Cette introspection n’est pas un jugement sur la légitimité de votre démarche, mais plutôt une préparation qui vous aidera à communiquer clairement avec votre médecin. Notez vos réflexions dans un carnet si cela vous aide. Pensez également aux aspects de votre transition qui sont les plus importants pour vous. Il n’existe pas de « bon » parcours ou de réponse universelle. Chaque personne est unique et vos besoins vous appartiennent. Votre médecin est là pour vous accompagner dans votre projet, pas pour le juger.
Rassembler votre dossier médical
La préparation pratique de votre première consultation passe par la constitution d’un dossier médical complet. Voici les éléments à rassembler :
Vos antécédents médicaux personnels
- Vos pathologies actuelles ou passées
- Les traitements médicamenteux que vous prenez actuellement
- Vos allergies connues
- Vos éventuelles hospitalisations ou interventions chirurgicales
- Votre historique de santé mentale, si pertinent
Vos antécédents familiaux
- Maladies cardiovasculaires
- Diabète
- Cancers (notamment du sein, de la prostate, des organes reproducteurs)
- Thromboses ou problèmes de coagulation
- Ostéoporose
Vos résultats d’analyses récentes Si vous avez déjà effectué des bilans sanguins ou d’autres examens médicaux récemment, apportez-les. Ils pourront servir de base de référence pour votre médecin.
N’hésitez pas à demander à votre médecin traitant ou à votre précédent spécialiste une copie de votre dossier médical. Cette démarche facilitera grandement la prise en charge.

Préparez vos questions
Votre première consultation en hormonothérapie est le moment idéal pour poser toutes vos questions. N’ayez aucune gêne : il n’existe pas de question bête ou inappropriée. Voici quelques thèmes importants à aborder :
Sur le traitement lui-même
- Quels sont les différents types de traitements disponibles ?
- Comment choisit-on entre les différentes formes d’administration (comprimés, patchs, injections) ?

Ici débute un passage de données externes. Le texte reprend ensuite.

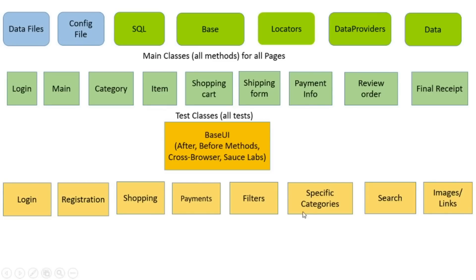Many e-commerce websites have specific categories. They can have different locators and unique web elements. In this case, the best way to use separate test class for this category.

- Combien de temps faut-il avant de voir les premiers effets ?
- Quels sont les effets réversibles et irréversibles ?
Sur le suivi médical
- À quelle fréquence devrais-je faire des analyses de sang ?

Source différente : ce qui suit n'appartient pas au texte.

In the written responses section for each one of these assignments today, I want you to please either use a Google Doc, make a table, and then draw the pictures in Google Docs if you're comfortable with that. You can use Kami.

- Combien de consultations de suivi sont nécessaires la première année ?
- Quels sont les examens médicaux à prévoir ?
Sur les effets secondaires et risques
- Quels sont les effets secondaires courants ?
- Quels sont les risques à long terme ?
- Existe-t-il des contre-indications dans mon cas ?
- Comment gérer les éventuels effets indésirables ?
Sur les aspects pratiques
- Quel est le coût du traitement ?
- Quelle est la prise en charge par l’Assurance Maladie ?
- Où puis-je me procurer mes traitements ?
Écrivez toutes vos questions à l’avance sur un carnet ou votre téléphone. Durant la consultation, vous pourrez être ému ou stressé, et avoir votre liste sous les yeux vous aidera à ne rien oublier.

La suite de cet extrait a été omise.